- Exercise description
Drop all images and give the records again exactly.

- Provided material
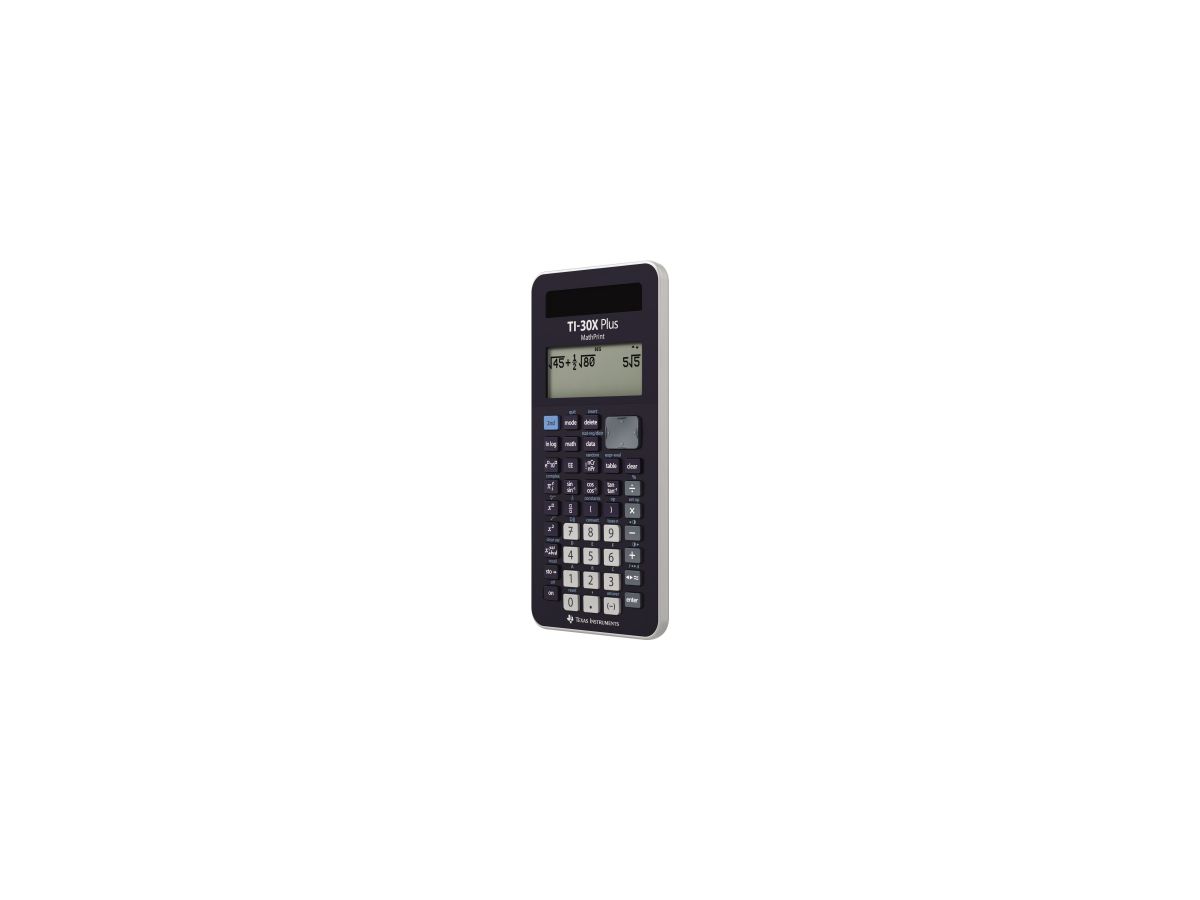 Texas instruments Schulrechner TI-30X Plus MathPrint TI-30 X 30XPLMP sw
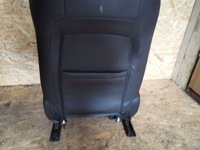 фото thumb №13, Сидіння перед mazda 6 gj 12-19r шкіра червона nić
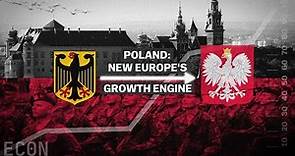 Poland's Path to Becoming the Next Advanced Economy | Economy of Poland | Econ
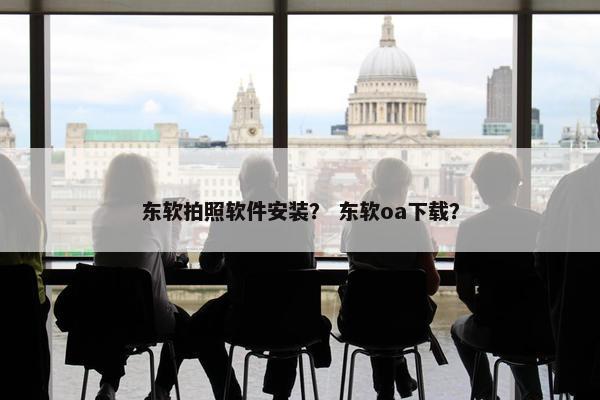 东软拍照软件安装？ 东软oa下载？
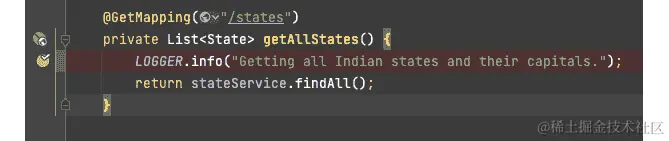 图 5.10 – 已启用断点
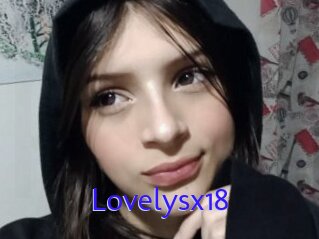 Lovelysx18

- Expected answer
 Texas instruments Schulrechner TI-30X Plus MathPrint TI-30 X 30XPLMP sw
 фото thumb №13, Сидіння перед mazda 6 gj 12-19r шкіра червона nić
 Poland's Path to Becoming the Next Advanced Economy | Economy of Poland | Econ
 东软拍照软件安装？ 东软oa下载？
 图 5.10 – 已启用断点
 Lovelysx18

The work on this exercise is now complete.